--- START ---

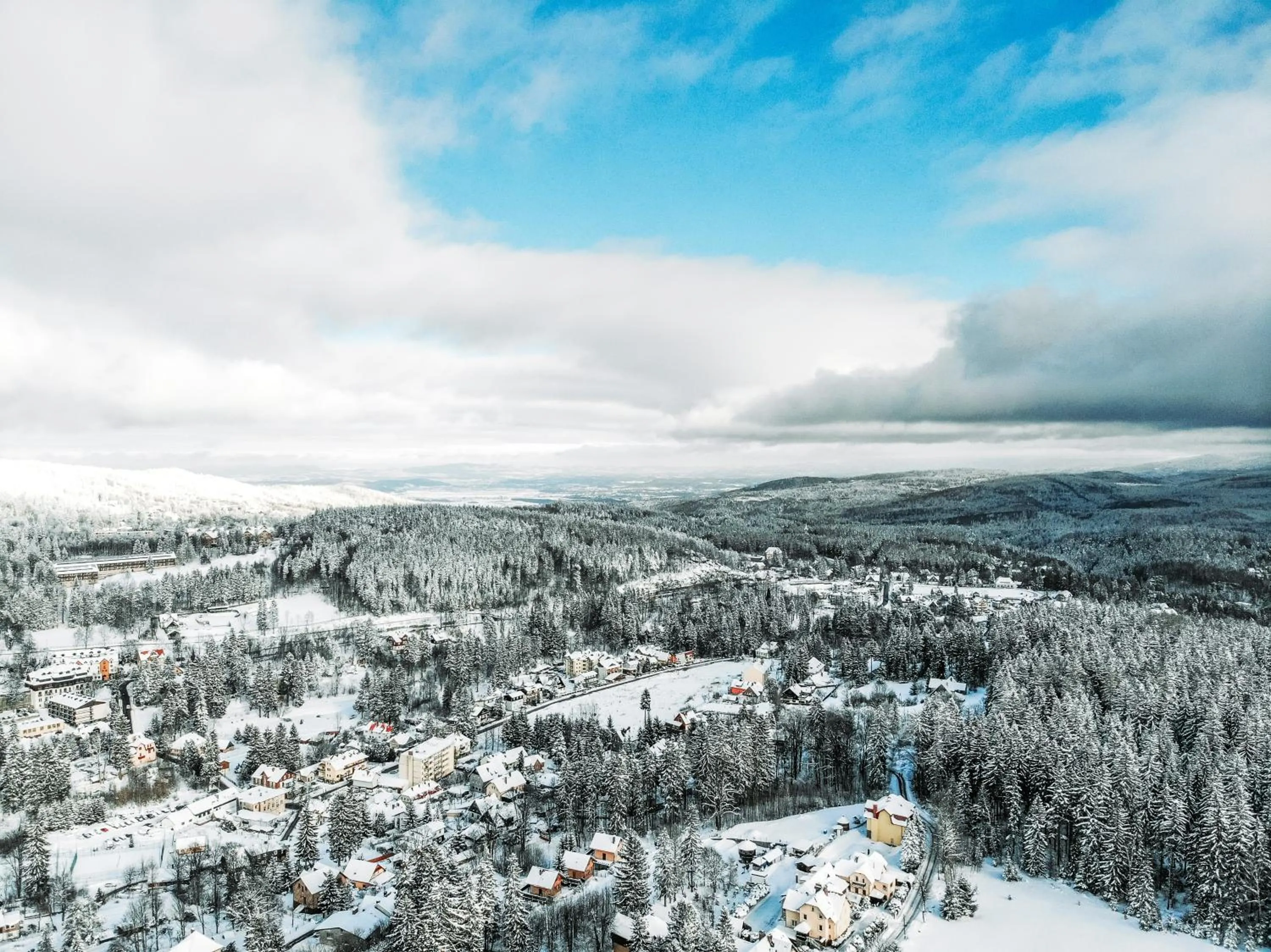 Natural landscape in Stacja Szklarska Poręba - cisza i komfort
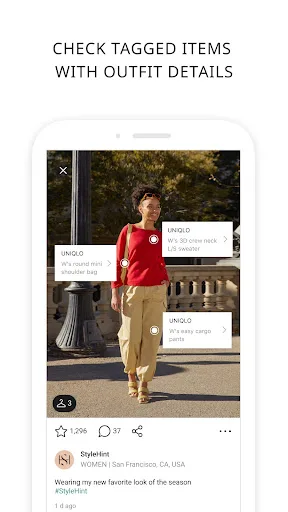 StyleHint（スタイルヒント）-着こなし発見アプリ screenshot 4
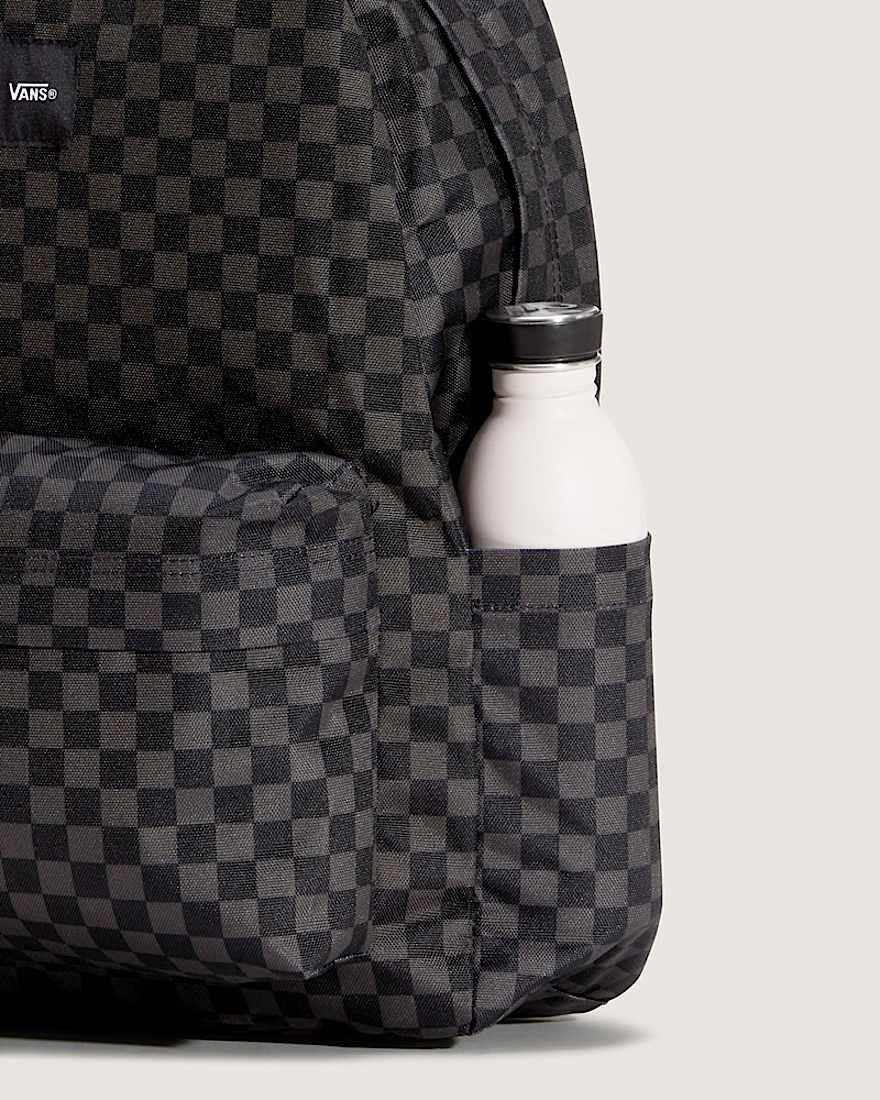 Old Skool Check Rucksack VANS Grau ALT3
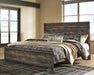 Wynnlow King Panel Bed with Mirrored Dresser, Chest and Nightstand - alternate view 9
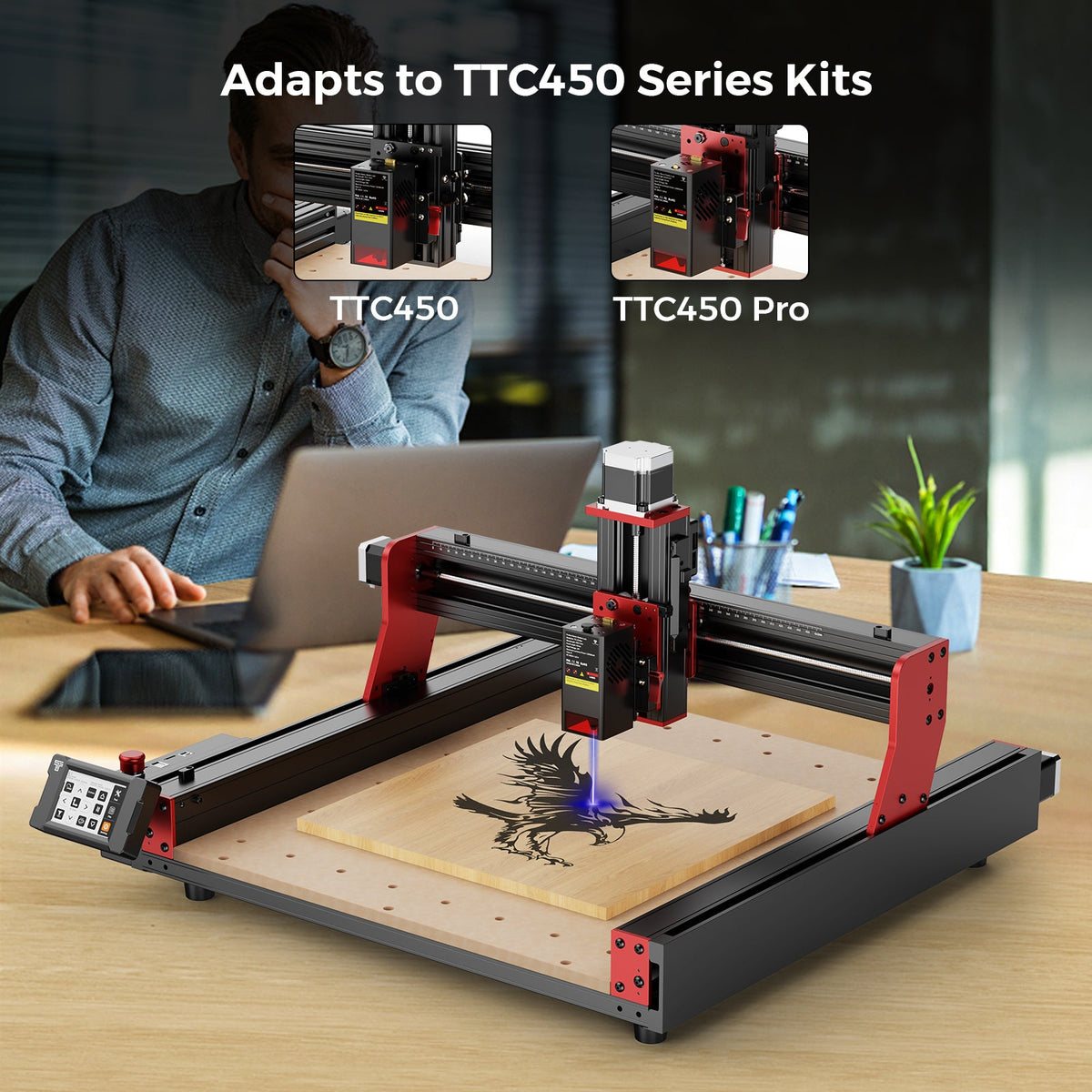 TwoTrees TC20 20W Laser Module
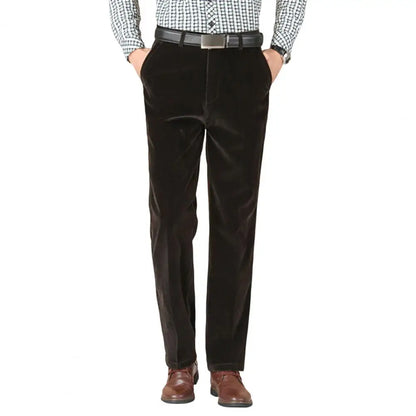 Men's corduroy fashion pants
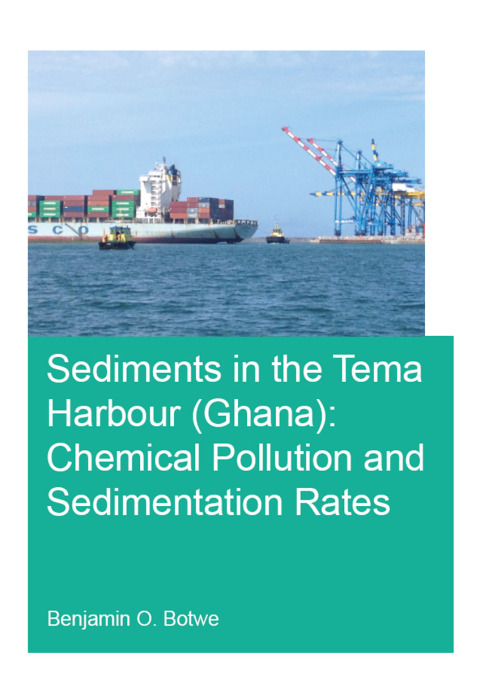 Cover image for book Sediments in the Tema Harbour (Ghana)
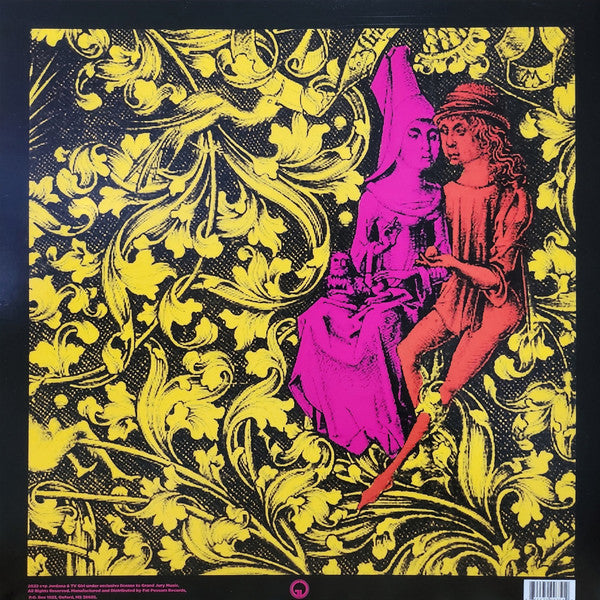 Jordana & Tv Girl - Summers Over - LP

--- END ---

Only an exact copy of the lines from the one with "Old Skool Check Rucksack VANS Grau ALT3" through the last line of the listing should be given; pictures must not be included.

 Old Skool Check Rucksack VANS Grau ALT3
 Wynnlow King Panel Bed with Mirrored Dresser, Chest and Nightstand - alternate view 9
 TwoTrees TC20 20W Laser Module
 Men's corduroy fashion pants
 Cover image for book Sediments in the Tema Harbour (Ghana)
 Jordana & Tv Girl - Summers Over - LP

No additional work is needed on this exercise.